As the recession settles in, most of us are shifting our focus to short-term growth. However, marketing is an investment, not an expense. The proven correlation between share of market and share of voice means that if you increase your marketing investment at a time when competitors are reducing theirs, you should substantially increase the long-term value of your brand. John Quench, a professor of Business Administration at Harvard supports this notion. Increasing advertising during a recession while your competitors cut-back is an opportunity to improve market share and your ROI.
But cash is tight right? You’re looking to cut costs, and that fat marketing budget seems like the perfect place to start slashing. Rather than cut back on marketing expenditure, it is better to optimize your campaigns by more effectively targeting your prospects. This requires running your business on customer intelligence. For pure-play online retailers, this is easy. All of your customer interactions are trackable and the data is mineable.
Amazon.com is the defacto example of this type of ‘data driven’ company. By leveraging their customer data, Amazon.com are able to up-sell their shoppers by recommending additional relevant products and also getting them to come back to their store with an effective customer lifecycle messaging plan. They are also not afraid to try new things. They have deployed applications on social networks like Facebook and Linkedin, launched a mobile phone version of their store and run text message marketing campaigns to support its launch.
Take extra care of your existing customers As the life-blood of any business, customers should be well taken care of in any case. Competitors will be slashing prices in an attempt to lure your customers away. Recessions are the perfect time for new start-ups to enter the market with a product offering that is better tailored to your customers current needs. It’s important to increase your service levels and adapt to the current operating environment in order to continue to succeed. People are looking for convenience, to save money and for convenience. What are you doing for them?
But not everyone automatically loses out in a recession. Read about why luxury brands and value players will survive remarkably well and why the real problem is with players in the middle market. For them, it becomes a case of catering to consumers current needs. For example, you might normally purchase Tide laundry powder.
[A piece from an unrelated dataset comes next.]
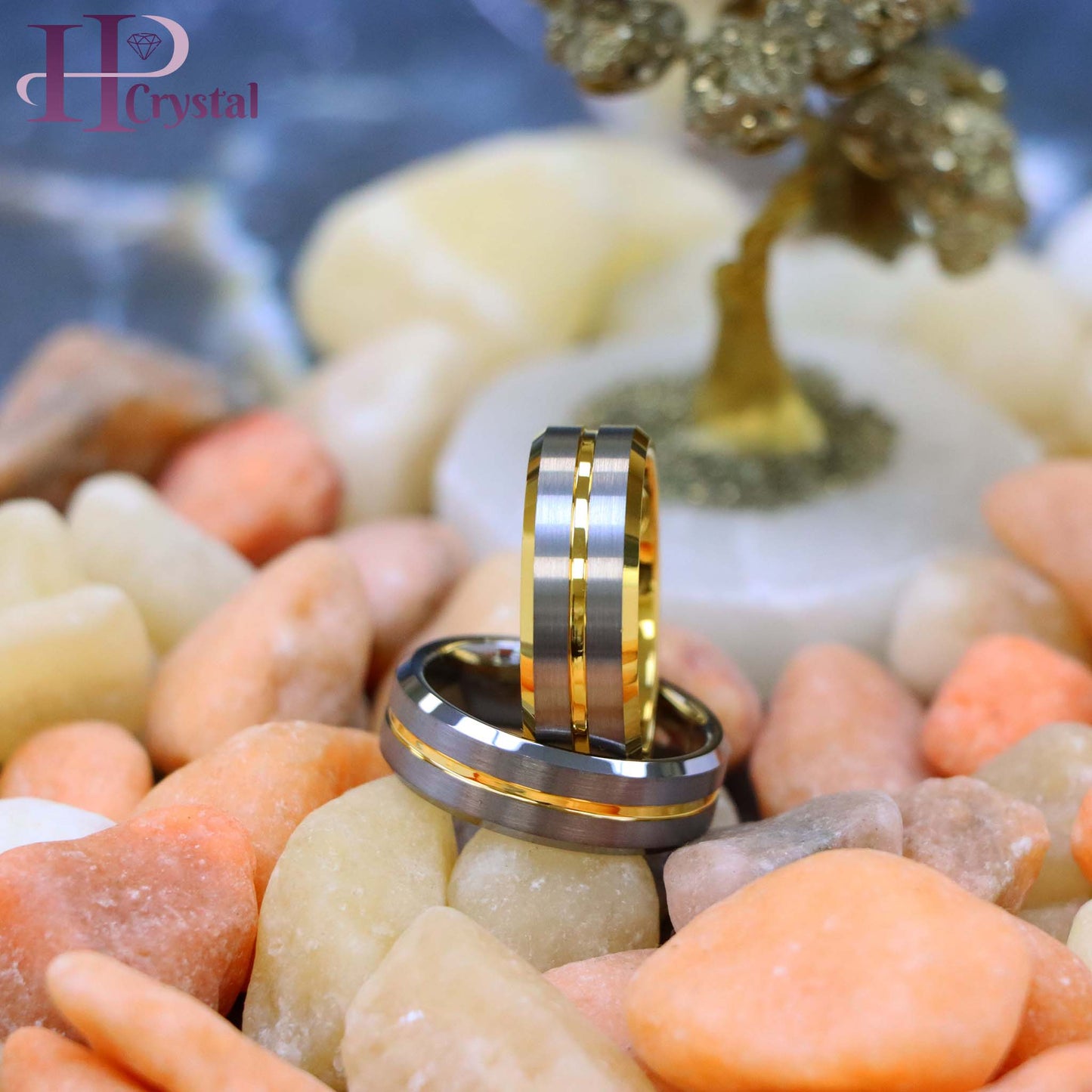 Yellow Gold/Silver Plated Center Grooved Tungsten Ring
But feeling the financial pinch, you may decide to switch to a generic supermarket brand and save money. If Tide had offered a special or coupon which cut their price to match the generic brands, then they would have a good chance of retaining that customer. After all, why would they want to risk the consumer experiencing the lower-cost brand and finding it does just as good a job? On the flip-side, the consumer also takes a risk since they don’t know how the new detergent will affect their clothes.
Update: Indian Study Shows Recession Spending puts marketers ahead
Read more: Tactics for Marketing in a Recession
Resources I used for this post:
New Ad-ology Study: Reduced Advertising During Recession Negatively Impacts Consumer Perception
Should You Up Your Marketing During a Recession?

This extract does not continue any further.